Lizzie sat down at a computer and went online. Within seconds the screen was covered with columns of lab values. She sent a couple of pages to the printer, picked up a phone, and punched some numbers. “This is the ICU. I need an ETA on the new liver numbers for Adam Doe … Yeah … I know they’ll be in the computer when they’re done. The problem is they’re not … Okay, you’ll do that now? … Promise? … Great, thanks.”

She grabbed the pages out of the printer tray, stuffed them into her bag, and said, “Come on, Doctor.” After a momentary brain cramp, I realized she was talking to me.

I followed her from the nursing station across the hall into a vestibule that led to Adam’s room.

“Gown and gloves. Do what I do,” she whispered. She was pulling a pale yellow gown over her clothes.

I started to do the same. But I couldn’t take my eyes off a teenage boy, suddenly visible through the window in the center of the door.

It was Adam.
My Adam.

He was yellow. Not the same yellow as the gown I was holding. His yellow was more mustard, less lemon. God, he looked sick.

Lizzie grabbed my wrist. “Focus,” she insisted. “Do what I do. Come on. Act like you’ve been here before.”

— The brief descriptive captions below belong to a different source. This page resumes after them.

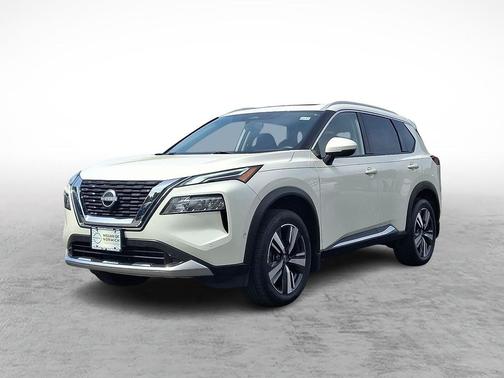 Pearl White Tricoat 2023 Nissan Rogue Platinum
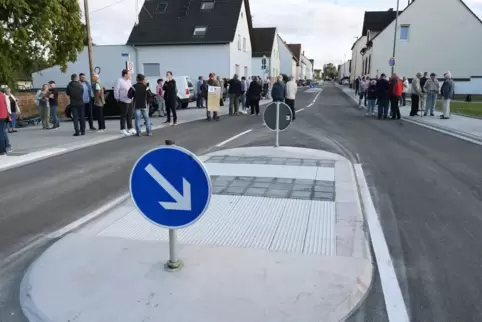 Da war mächtig was los bei der Freigabe der Gersbacher Straße. 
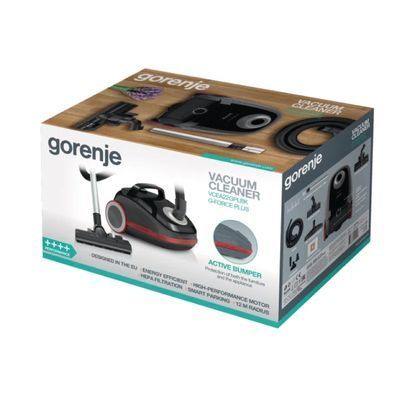 Пилосос Gorenje контейнер + мішок VCEA22GPLBKCY VCEA22GPLBKCY фото
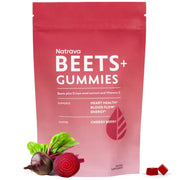 Natrava BEETS+ Gummies packaging highlights circulatory support formula.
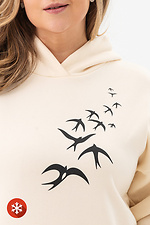 Isolierter Kapuzenpullover MOLLI Swallows Garne 9001395 Foto №4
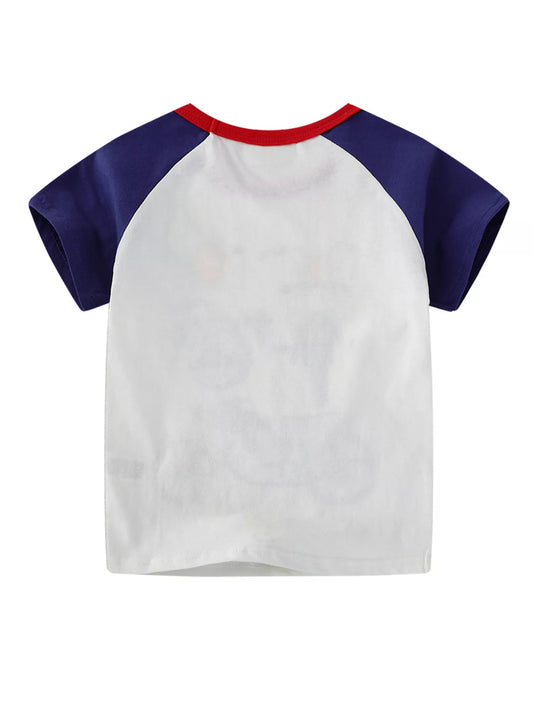 Children's Raglan Sleeve Casual T-Shirt
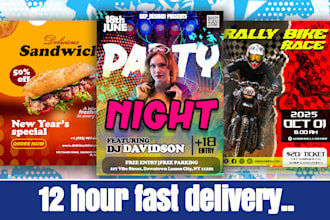 design a professional flyer, brochure or postcard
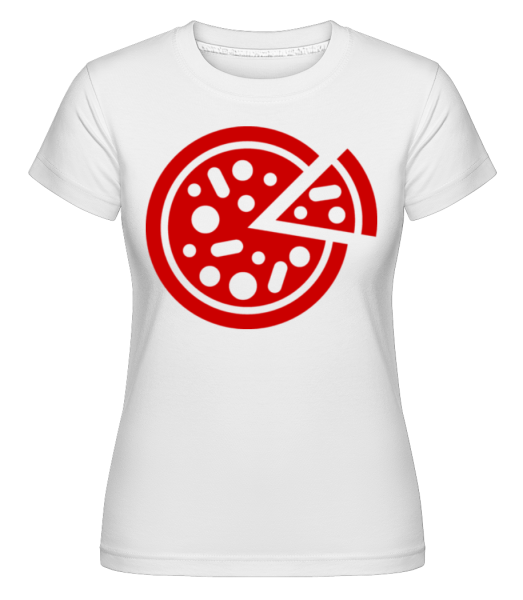 Pizza Comic -  Shirtinator Women's T-Shirt - White - imagedescription.FrontImage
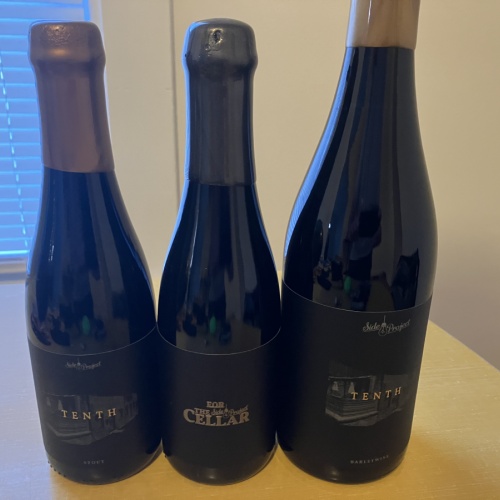 Side Project For the cellar, Tenth Stout and Tenth Barleywine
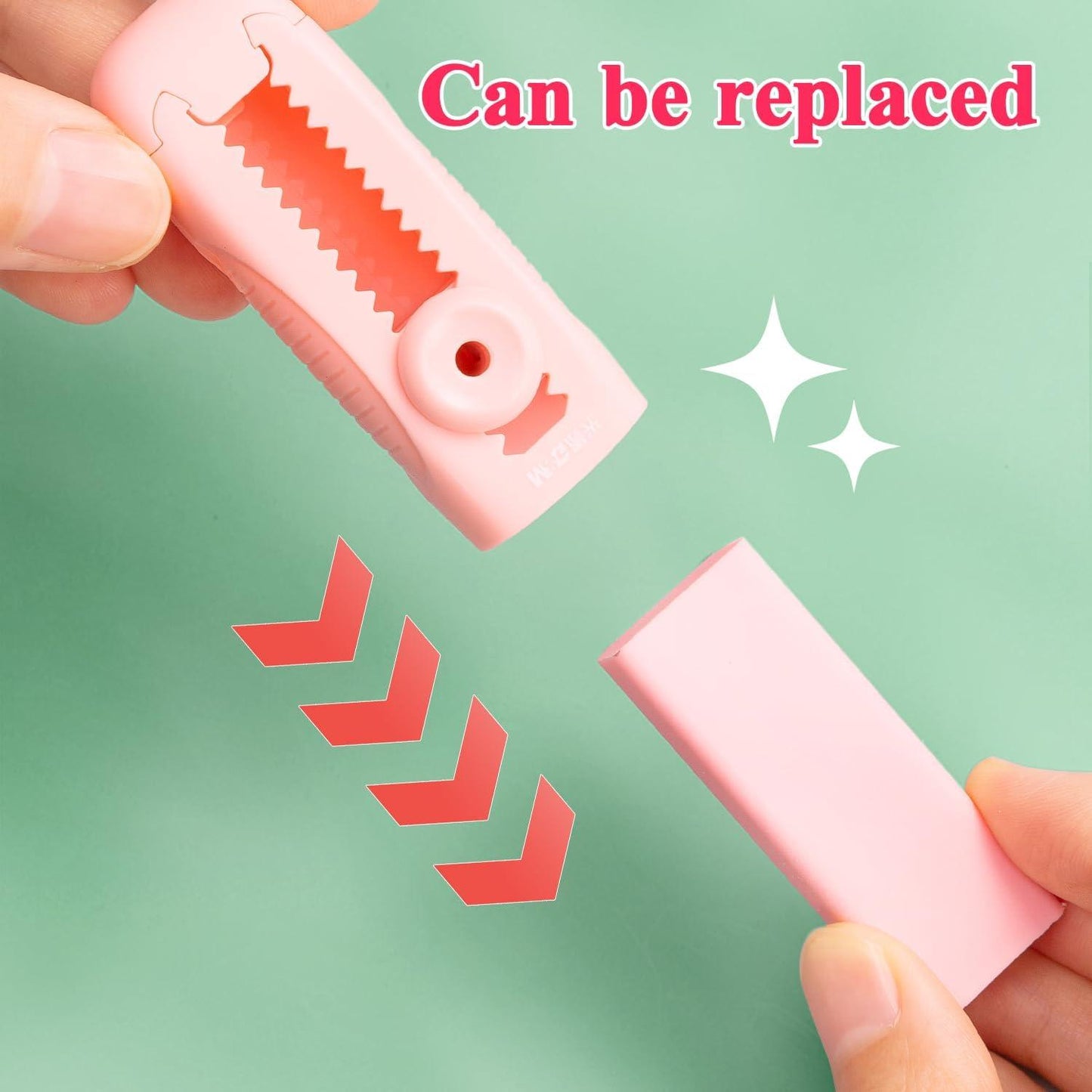 Silde Retractable Eraser (Pack Of 4)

Somehow I managed to pull the flimsy gown over my clothes and snap some latex gloves onto my hands.

She handed me a face mask. “Just hold the mask up to your face. Don’t bother to tie it.” She modeled how she wanted me to do it.

I did what she did.

“You’re his doctor, not his father,” she said.

Wrong.

We walked into the room and stood beside Adam’s bed. She picked up the clipboard hanging at the foot of his bed to check his ins and outs, and then started checking the labels on the infusion bags hanging above the IV pump. I read his blank, yellow face. It took every bit of self-control I had not to crawl into the bed and hold him.

He was hooked up to fifty leads, surrounded by a dozen monitors.

Lizzie said, “They’re giving him neomycin to treat encephalopathy. The chart said there was no edema so far. That’s good.”

What?
“Edema?” I whispered, parroting her. The word was, of course, familiar, but I couldn’t put a definition to it.
I should know what that means,
I thought.
I should.

“Swelling in his brain. It would be a serious complication.”

Shit.
“Can he hear me?” I asked.

“I doubt it. No.” She paused. “Maybe.”

“I need to tell him things.”

The intercom sounded from a location near the door. I almost jumped out of my shoes.

“Doctor? Those labs are back,” the unit clerk said in the exact same bored voice she’d used earlier.

“Thank you. I’ll be right out,” Lizzie said. To me, she whispered, “I’m going to go look at the labs. You stay here while I do. Remember, you’re a doctor, not a father. People don’t know you; they’ll be watching.”

She took a step toward the door before she stopped and turned back toward me.

“What I was fearing? It’s happening. Adam needs a transplant. Without it, he could die. They’re looking for a donor liver.”

“What?”

What?

“He could die without a new liver.”

“When?”

“Soon.”

“What soon? Next week? Next month?”

“Sooner,” she said. She stepped from the room.